Extracted material
* * * * * * *
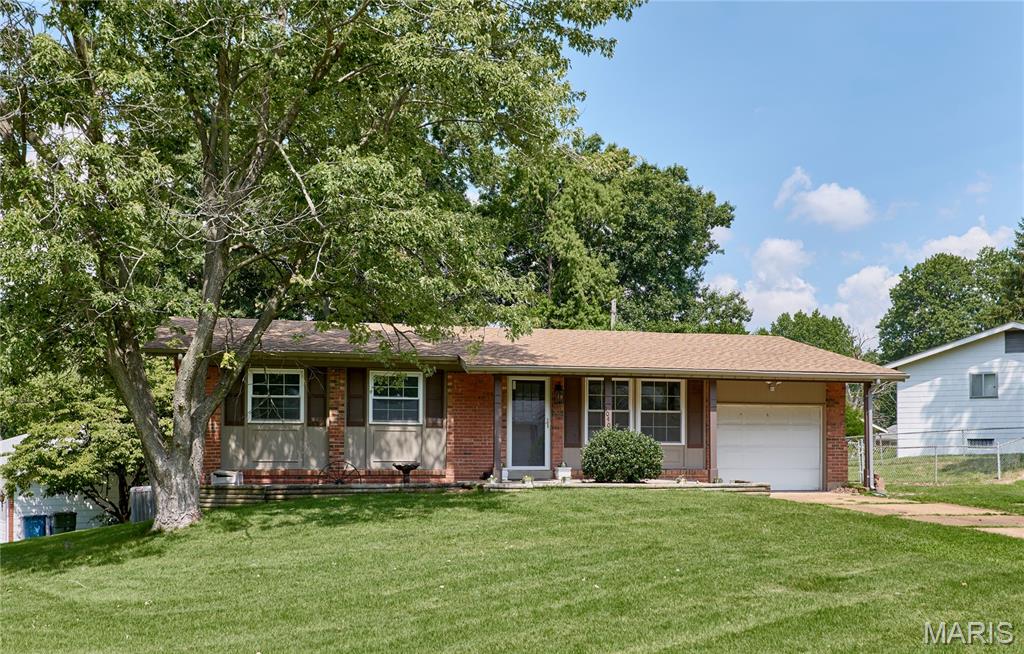 Welcome home! This beautifully updated brick ranch is ready to write its next chapter with you. A new roof offers peace of mind from day one, and the updates carry right on through — from the light-filled living room with rich wood-look flooring to the completely new kitchen, where crisp white shaker cabinets, quartz counters, and stainless appliances make everyday cooking feel like a treat. The adjacent dining space is perfect for morning coffee or hosting family dinners.

Down the hall, comfortable bedrooms offer flexible space for family, guests, or a home office, alongside a stylish updated half bath with a bold statement wall and a fully renovated full bath featuring a new vanity, modern fixtures, and fresh tile. The mostly finished lower level adds a spacious bonus living area — ideal for a rec room, home gym, or media space — plus great storage.

Set on a generous, tree-shaded lot with mature landscaping and a 1-car garage, this home is warm, welcoming, and truly turn-key. Come see why 10403 St Ives is ready for you to make it your own!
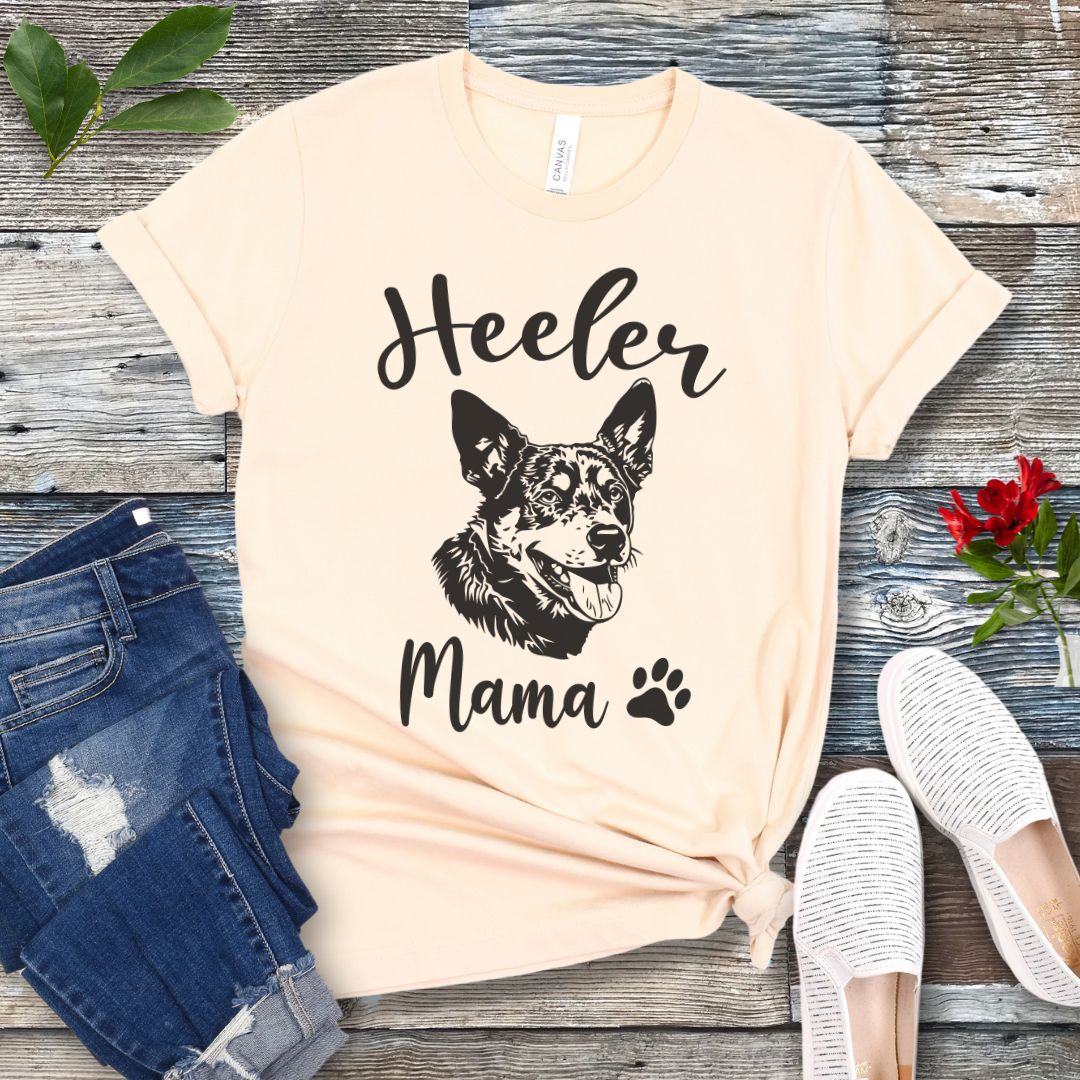 A beige dog lover T-shirt with 'Heeler Mama' text in script font and a graphic of a smiling Australian Cattle Dog face, accompanied by a paw print. The shirt is displayed on a wooden surface with a pair of jeans and white shoes in the background.
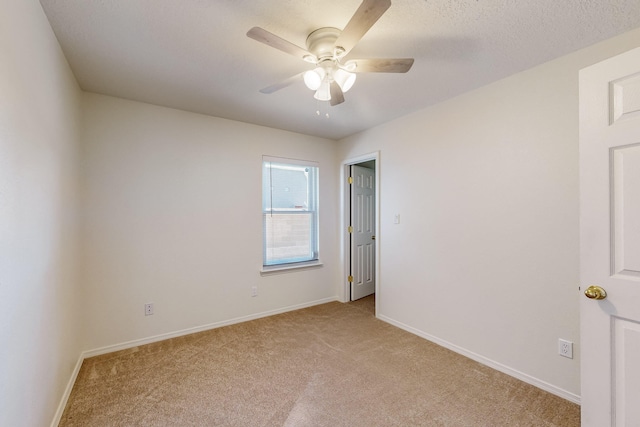 spare room with ceiling fan, light colored carpet, and a textured ceiling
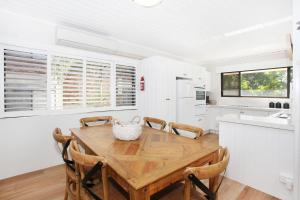 a white kitchen with a wooden table and chairs at Windmill 3 in Mooloolaba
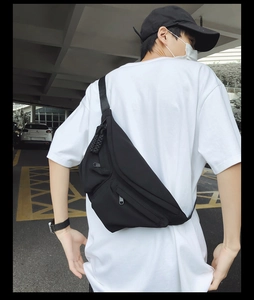 Waterproof black crossbody chest bag for men with multiple zipper pockets and adjustable strap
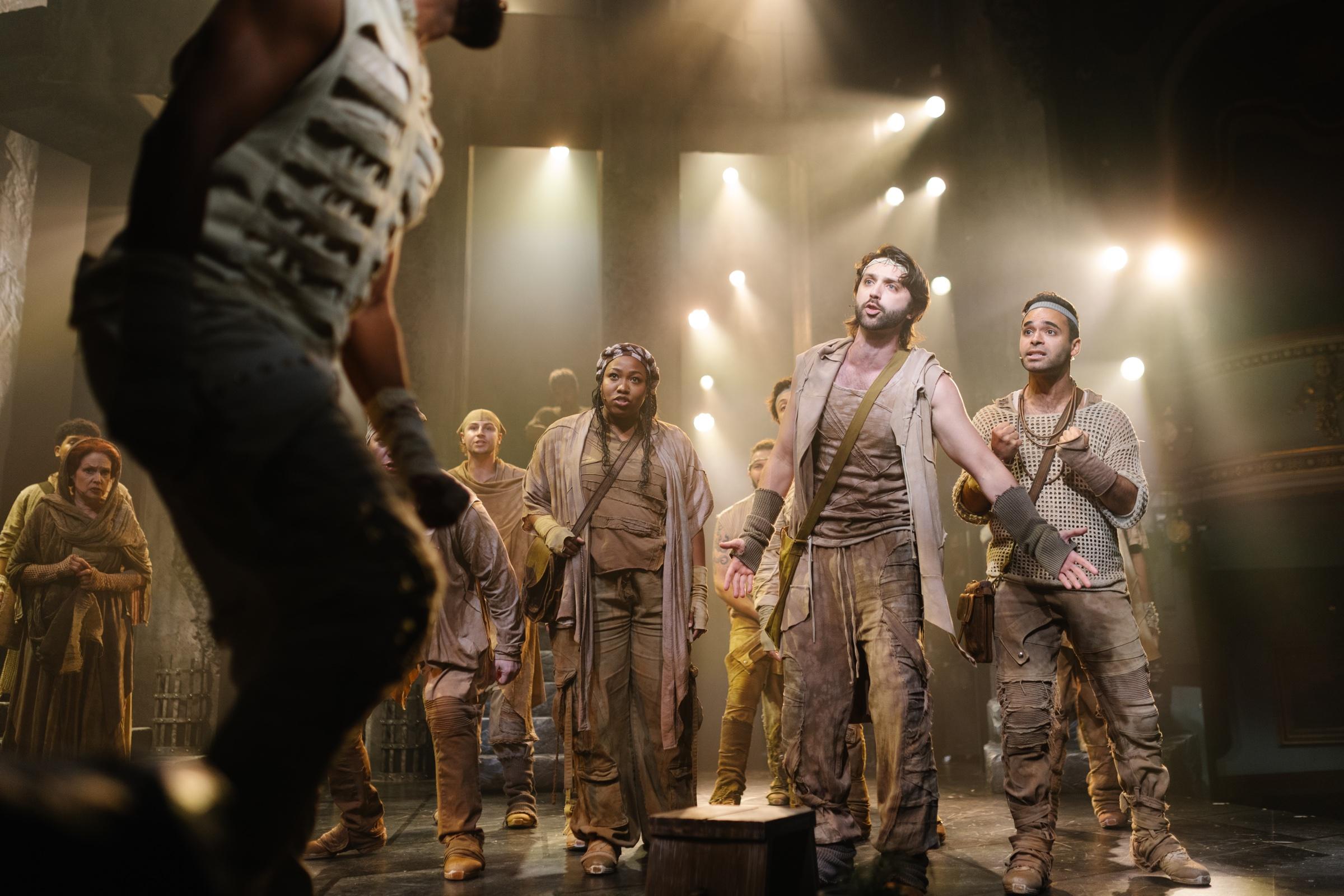 Shane Lonergan among the company of Jesus Christ Superstar, lit by a cluster of held candles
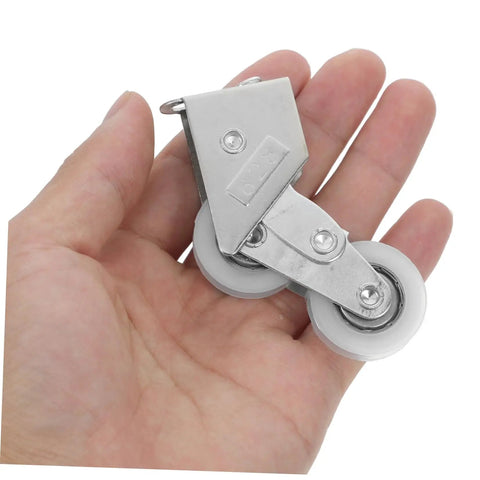 4PC Premium Aluminum Alloy Sliding Door Pulley Wheels With Ball Bearing Replacement Rollers for Patio Door, held in a hand.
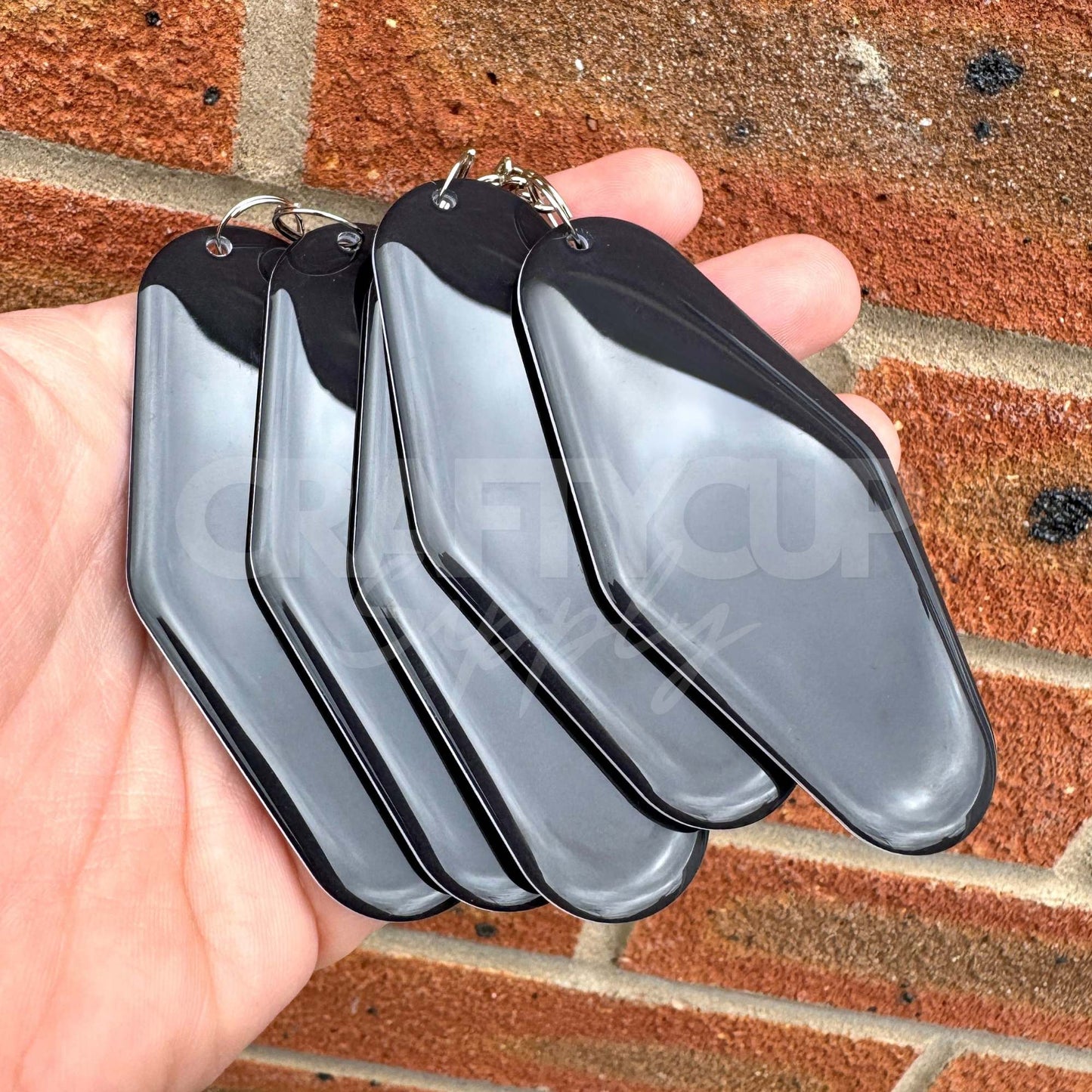 Black NFC motel shaped tag keyring designed for contactless digital business cards and payment links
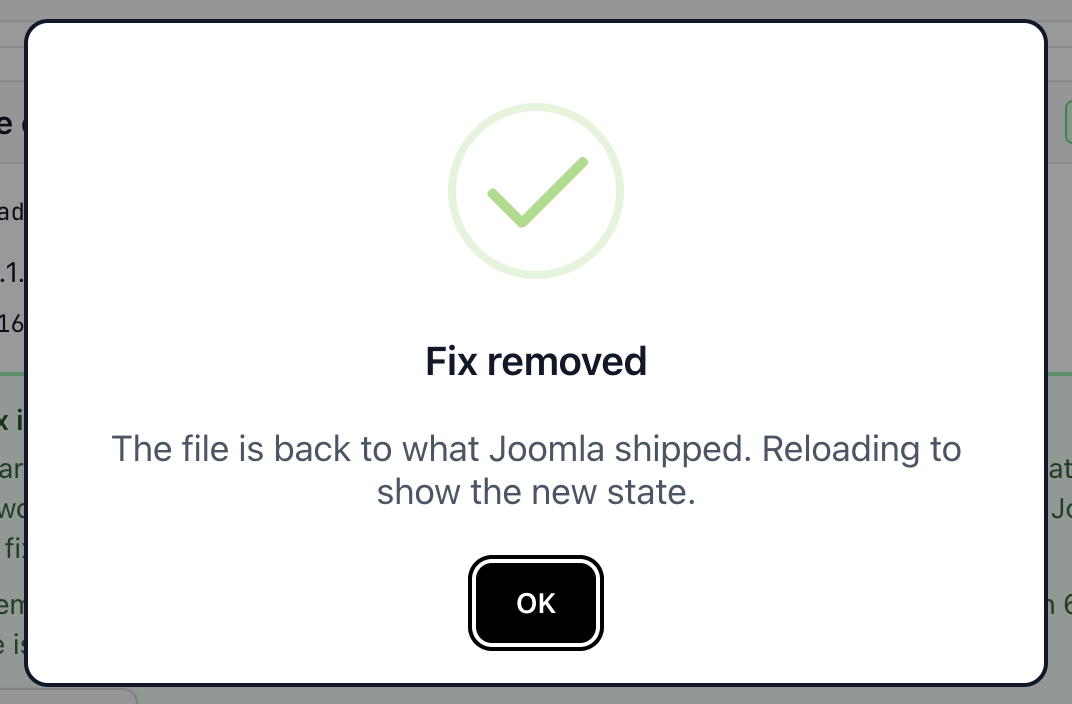 A confirmation dialog with a green tick, headed Fix removed, reading The file is back to what Joomla shipped. Reloading to show the new state.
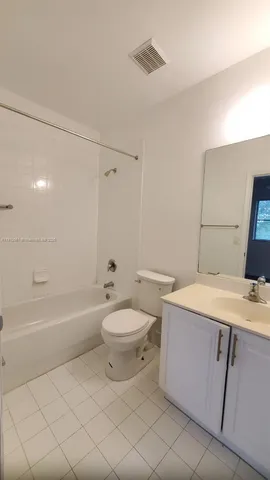 a view of a hallway with a bathroom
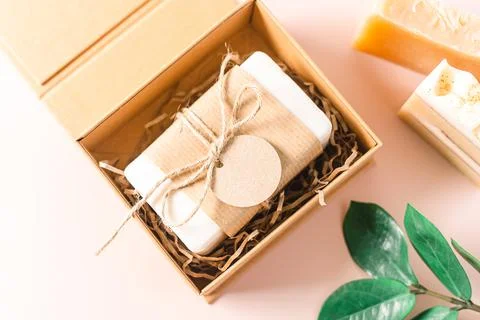 Natural soap in gift box with empty mockup tag Stock Photos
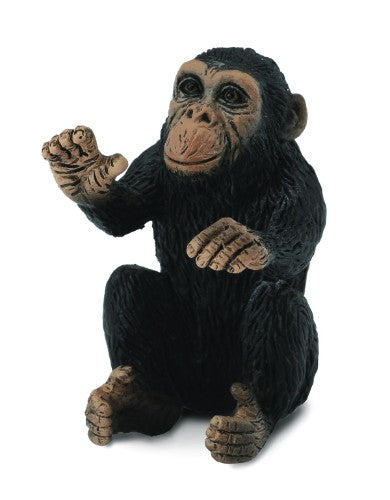 Small chimpanzee cub hugging figurine by Collecta, showcasing lifelike detail and charm, perfect for collectors.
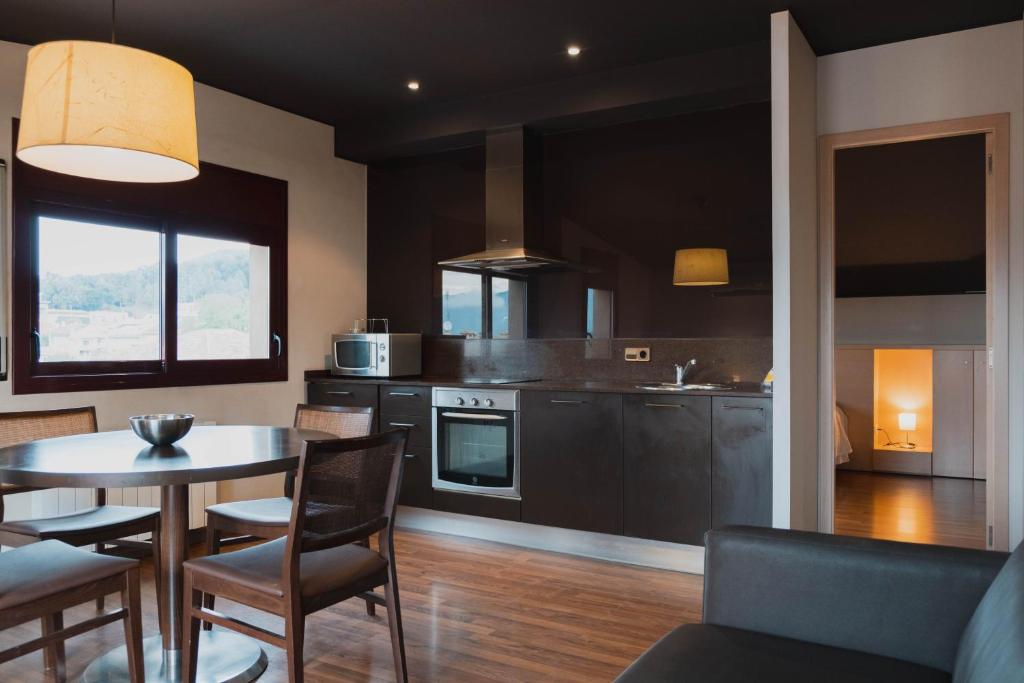 Kuchyňa alebo kuchynka v ubytovaní Can Morera Apartaments a Les Preses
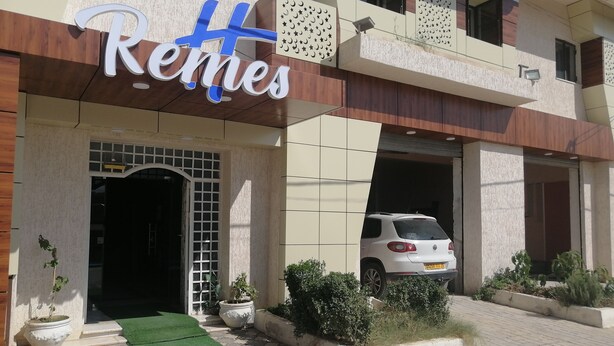 A hotel entrance with a sign reading "Rennes". - Remes hotel (Constantine)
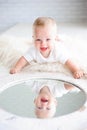 Cute happy 7 month baby girl in diaper lying and playing. Royalty Free Stock Photo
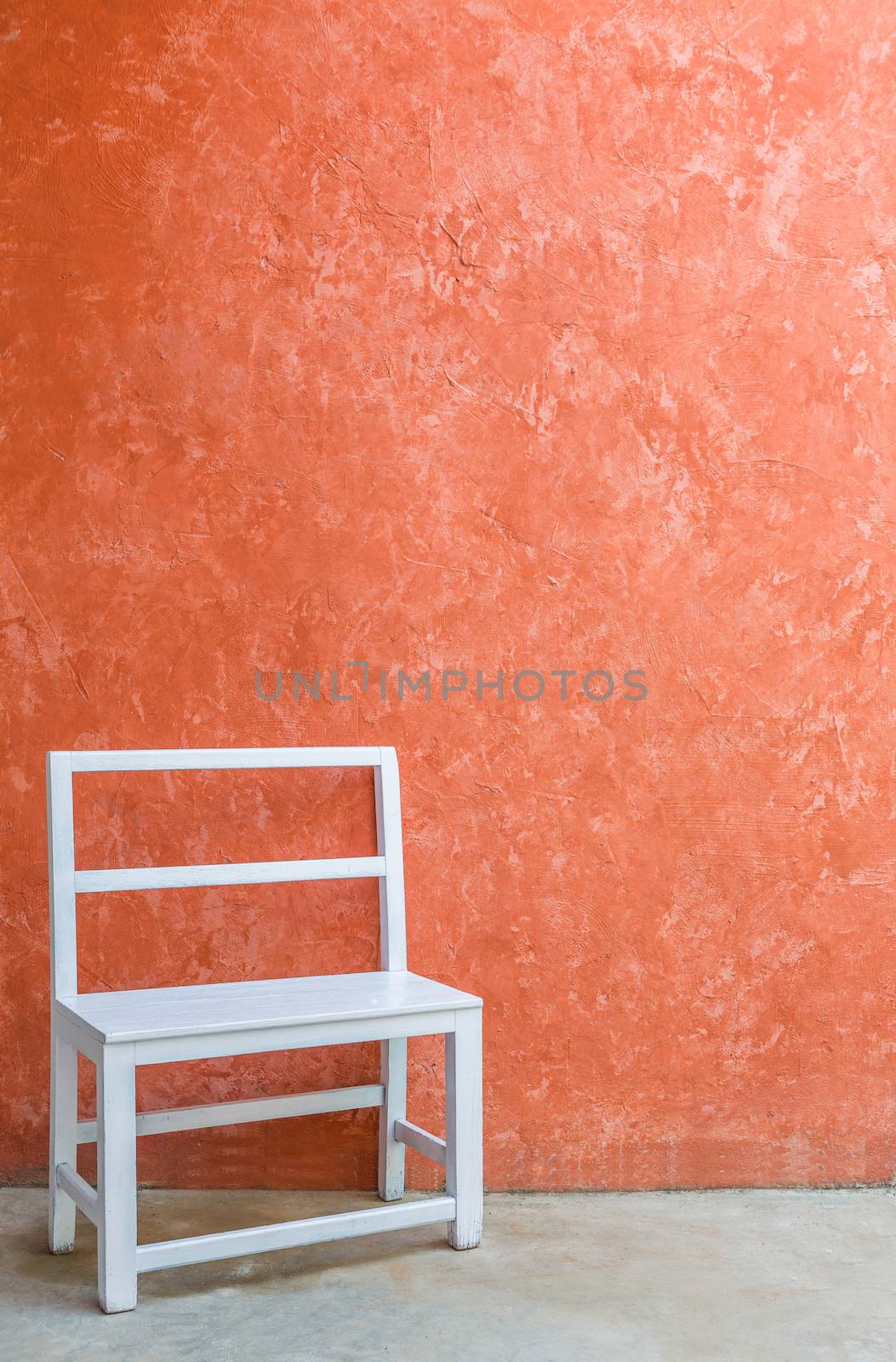 White chair and orange wall by smuay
* * * * * * *
Task goal
Leaving out the pictures, print each line of the records above from the first up to and including the one that contains "A beige dog", exactly as written.

Reply to the task
 Welcome home! This beautifully updated brick ranch is ready to write its next chapter with you. A new roof offers peace of mind from day one, and the updates carry right on through — from the light-filled living room with rich wood-look flooring to the completely new kitchen, where crisp white shaker cabinets, quartz counters, and stainless appliances make everyday cooking feel like a treat. The adjacent dining space is perfect for morning coffee or hosting family dinners.

Down the hall, comfortable bedrooms offer flexible space for family, guests, or a home office, alongside a stylish updated half bath with a bold statement wall and a fully renovated full bath featuring a new vanity, modern fixtures, and fresh tile. The mostly finished lower level adds a spacious bonus living area — ideal for a rec room, home gym, or media space — plus great storage.

Set on a generous, tree-shaded lot with mature landscaping and a 1-car garage, this home is warm, welcoming, and truly turn-key. Come see why 10403 St Ives is ready for you to make it your own!
 A beige dog lover T-shirt with 'Heeler Mama' text in script font and a graphic of a smiling Australian Cattle Dog face, accompanied by a paw print. The shirt is displayed on a wooden surface with a pair of jeans and white shoes in the background.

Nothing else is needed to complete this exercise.